Task to complete:
Only those lines in the data below from the line containing "ABNJ Водонепроницаемая сигнализация" through the line containing "Replica Salvatore Ferragamo", both included, should be restated word for word.

Data excerpts
=== Begin Enclosure ===
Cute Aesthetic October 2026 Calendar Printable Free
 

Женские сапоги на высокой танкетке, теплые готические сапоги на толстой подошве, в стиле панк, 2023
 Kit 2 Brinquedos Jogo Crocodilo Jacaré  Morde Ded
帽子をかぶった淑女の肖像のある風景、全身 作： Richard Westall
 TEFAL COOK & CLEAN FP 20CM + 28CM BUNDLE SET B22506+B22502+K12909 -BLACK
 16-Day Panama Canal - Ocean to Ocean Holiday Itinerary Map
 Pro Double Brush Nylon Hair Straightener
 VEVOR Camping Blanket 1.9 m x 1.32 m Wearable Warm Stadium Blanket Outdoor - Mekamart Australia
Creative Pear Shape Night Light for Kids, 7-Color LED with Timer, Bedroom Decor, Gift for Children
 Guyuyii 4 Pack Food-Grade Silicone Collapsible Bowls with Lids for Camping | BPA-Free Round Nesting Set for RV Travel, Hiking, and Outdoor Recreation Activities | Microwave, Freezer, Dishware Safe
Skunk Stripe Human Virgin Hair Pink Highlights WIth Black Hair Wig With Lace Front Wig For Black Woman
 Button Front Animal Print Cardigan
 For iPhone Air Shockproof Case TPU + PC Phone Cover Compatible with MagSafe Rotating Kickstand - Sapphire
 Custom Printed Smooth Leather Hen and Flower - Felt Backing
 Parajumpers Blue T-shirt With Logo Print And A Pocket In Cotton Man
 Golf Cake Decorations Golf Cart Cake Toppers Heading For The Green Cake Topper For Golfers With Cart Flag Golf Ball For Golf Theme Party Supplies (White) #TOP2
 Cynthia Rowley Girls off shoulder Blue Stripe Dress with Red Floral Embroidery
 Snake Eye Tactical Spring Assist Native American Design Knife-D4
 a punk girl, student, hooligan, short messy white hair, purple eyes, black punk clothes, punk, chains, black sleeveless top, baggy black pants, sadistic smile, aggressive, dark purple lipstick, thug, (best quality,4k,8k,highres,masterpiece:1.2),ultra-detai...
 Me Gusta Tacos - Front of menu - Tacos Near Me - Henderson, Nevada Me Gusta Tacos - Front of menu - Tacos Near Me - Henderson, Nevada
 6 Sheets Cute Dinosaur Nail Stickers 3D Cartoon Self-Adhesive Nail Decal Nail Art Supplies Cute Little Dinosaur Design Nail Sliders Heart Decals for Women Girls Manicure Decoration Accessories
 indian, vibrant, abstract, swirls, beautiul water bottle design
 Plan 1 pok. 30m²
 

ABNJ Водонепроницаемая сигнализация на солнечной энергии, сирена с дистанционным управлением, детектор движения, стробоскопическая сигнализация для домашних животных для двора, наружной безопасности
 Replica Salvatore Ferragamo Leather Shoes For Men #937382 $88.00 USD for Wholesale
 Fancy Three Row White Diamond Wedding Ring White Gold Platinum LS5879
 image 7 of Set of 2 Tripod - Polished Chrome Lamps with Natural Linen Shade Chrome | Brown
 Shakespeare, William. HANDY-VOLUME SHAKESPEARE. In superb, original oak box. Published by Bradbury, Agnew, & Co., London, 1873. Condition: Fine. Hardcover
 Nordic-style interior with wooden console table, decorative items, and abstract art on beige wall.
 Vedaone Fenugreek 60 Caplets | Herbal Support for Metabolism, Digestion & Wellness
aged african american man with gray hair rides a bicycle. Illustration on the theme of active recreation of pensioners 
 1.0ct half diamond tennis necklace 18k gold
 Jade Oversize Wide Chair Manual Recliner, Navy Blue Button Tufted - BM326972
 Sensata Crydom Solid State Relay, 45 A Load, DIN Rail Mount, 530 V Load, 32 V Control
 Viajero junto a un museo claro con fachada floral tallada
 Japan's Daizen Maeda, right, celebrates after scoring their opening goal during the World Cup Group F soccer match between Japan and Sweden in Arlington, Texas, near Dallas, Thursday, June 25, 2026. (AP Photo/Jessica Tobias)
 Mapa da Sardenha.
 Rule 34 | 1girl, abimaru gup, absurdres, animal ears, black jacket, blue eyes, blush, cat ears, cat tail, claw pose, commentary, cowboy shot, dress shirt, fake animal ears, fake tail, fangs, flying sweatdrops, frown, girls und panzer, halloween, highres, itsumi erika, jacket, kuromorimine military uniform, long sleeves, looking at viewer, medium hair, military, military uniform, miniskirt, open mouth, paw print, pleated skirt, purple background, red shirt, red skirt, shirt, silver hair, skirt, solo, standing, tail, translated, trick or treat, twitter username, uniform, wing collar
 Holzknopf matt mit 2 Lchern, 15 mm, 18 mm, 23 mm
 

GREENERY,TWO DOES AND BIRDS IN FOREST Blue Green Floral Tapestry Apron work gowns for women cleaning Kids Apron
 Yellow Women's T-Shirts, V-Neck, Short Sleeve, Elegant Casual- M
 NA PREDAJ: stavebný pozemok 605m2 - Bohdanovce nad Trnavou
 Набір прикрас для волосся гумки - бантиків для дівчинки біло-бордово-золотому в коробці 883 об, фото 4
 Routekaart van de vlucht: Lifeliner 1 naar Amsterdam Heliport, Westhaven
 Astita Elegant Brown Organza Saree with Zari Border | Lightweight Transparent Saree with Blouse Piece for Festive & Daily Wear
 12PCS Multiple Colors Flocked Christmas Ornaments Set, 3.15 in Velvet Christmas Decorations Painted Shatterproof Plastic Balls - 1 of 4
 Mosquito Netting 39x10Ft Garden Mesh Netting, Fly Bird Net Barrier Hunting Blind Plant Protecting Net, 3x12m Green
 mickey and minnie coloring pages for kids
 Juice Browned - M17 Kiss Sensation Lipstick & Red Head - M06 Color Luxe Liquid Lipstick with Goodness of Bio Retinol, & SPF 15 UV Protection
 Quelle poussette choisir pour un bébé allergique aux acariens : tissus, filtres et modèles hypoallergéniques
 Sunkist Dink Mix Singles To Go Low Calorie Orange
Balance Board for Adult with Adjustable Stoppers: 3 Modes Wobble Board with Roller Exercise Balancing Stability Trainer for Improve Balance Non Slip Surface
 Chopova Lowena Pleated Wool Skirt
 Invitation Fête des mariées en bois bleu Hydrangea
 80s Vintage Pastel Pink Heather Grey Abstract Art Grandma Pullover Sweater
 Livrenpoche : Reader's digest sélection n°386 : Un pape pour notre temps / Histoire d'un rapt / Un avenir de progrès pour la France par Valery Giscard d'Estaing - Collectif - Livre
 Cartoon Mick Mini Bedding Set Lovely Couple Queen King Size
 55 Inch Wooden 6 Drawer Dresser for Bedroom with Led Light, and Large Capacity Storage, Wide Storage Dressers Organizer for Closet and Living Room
=== End Enclosure ===
Answer for this exercise:
ABNJ Водонепроницаемая сигнализация на солнечной энергии, сирена с дистанционным управлением, детектор движения, стробоскопическая сигнализация для домашних животных для двора, наружной безопасности
 Replica Salvatore Ferragamo Leather Shoes For Men #937382 $88.00 USD for Wholesale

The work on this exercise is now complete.